Skewed rating results: 2011-02-23 23:50:04 |
Duke
Level 5
Report
|
I realize that they're preliminary until you've reached 10 and they're still somewhat skewed by insufficient volume of data, but I find it really odd that WL Fanatic has a higher rating than me. I have 6 wins and 1 loss against WL Fanatic. WL Fanatic has 1 win (against me) and 1 loss also against me.
It seems impossible to me that his rating result could be higher. Our wins against each other should cancel out and my other 5 wins should make me worth at least a bit more.
Yet he's on the board with an 1885 and I have an 1881.
I'm pointing this out because it looks like an error, not because I particularly care about a preliminary rating -- it'll all eventually work itself out.
Would someone be so kind as to explain how this result is possible.
|
Skewed rating results: 2011-02-23 23:59:12 |
crafty35a
Level 3
Report
|
Duke, with the way this particular rating system works (not that I agree with this), it basically thinks Fanatic is equal to you in strength, because the only data on fanatic is achieving a 50% result against you (1 win, 1 loss). I believe the 4 rating point difference is because when he beat you, he had the second pick in distribution, but when you beat him, you had the first pick. So his win gets slightly more credit.
|
Skewed rating results: 2011-02-24 00:05:00 |
Fizzer
Level 64
Warzone Creator
Report
|
The algorithm does very poorly when it has little amounts of data. Your rating is pretty accurate, but WL Fanatic's is inaccurate.
Wins don't "cancel out" - instead, all it knows about WL Fanatic is that he's beaten and lost to you, so it would put him at the same rating as you. As yours changes, his would too. You would both be tied at 1891 rating points.

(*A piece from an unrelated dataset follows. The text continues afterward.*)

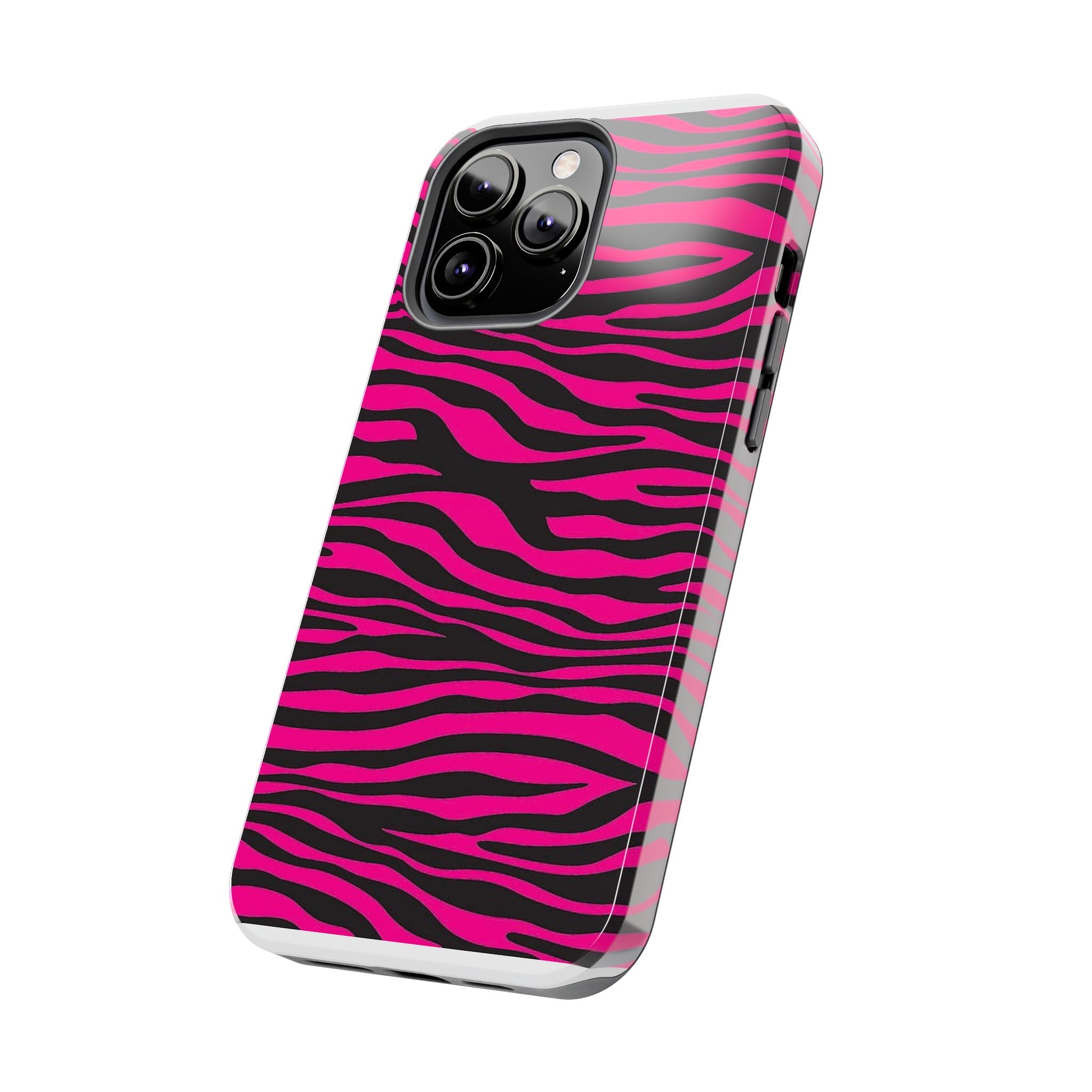 Hot Pink Zebra Tough Phone Case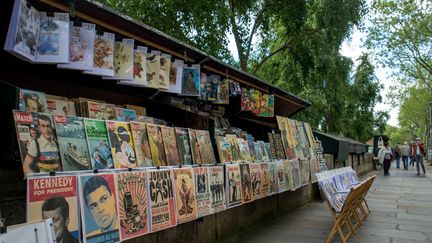 Les bouquinistes sur les quais de Seine à Paris 
 (Bruno Levesque MaxPPP)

The only reason he's slightly ahead is because you got first pick in both games which gave him a very small advantage which put him just above you.
This makes me think that maybe ratings should be hidden during the provisional period.
|
Skewed rating results: 2011-02-24 00:06:38 |
Fizzer
Level 64
Warzone Creator
Report
|
I verified this by running the current results without first pick advantage, and here are the results:
1 Fizzer 1949
2 Elucidar 1932
3 TheImpaller 1918
4 bostonfred 1910
5 Duke 1891
6 WLFanatic 1891
|
Skewed rating results: 2011-02-24 00:25:56 |
Duke
Level 5
Report
|
That's not how it's supposed to work (or how USCF rankings work). If I played my first game and somehow beat a master (2000+) I wouldn't suddenly have his ranking. I would see a significant gain, but my rating would jump from 1500 to maybe 1700. You get a huge amount of flux when you first start since you haven't settled into a baseline, but the formula doesn't assign 100% of the points of each player you beat -- that just won't work.
It should be a formula that discounts the winning player's gain or loss by an amount calculated off the expected result to mitigate these crazy results. So if I'm ranked 1600 and I lose to soemone ranked 1500, they would go up to 1550. If I win the game I'd go up a smaller amount (since that was the expected outcome), like 20 points, so I'd go to 1620. But the result is also supposed to weight total games played by each player. So 20 points woudl represent the maximum I could go up with a win and would be reduced by a percentage based on how many games I've played.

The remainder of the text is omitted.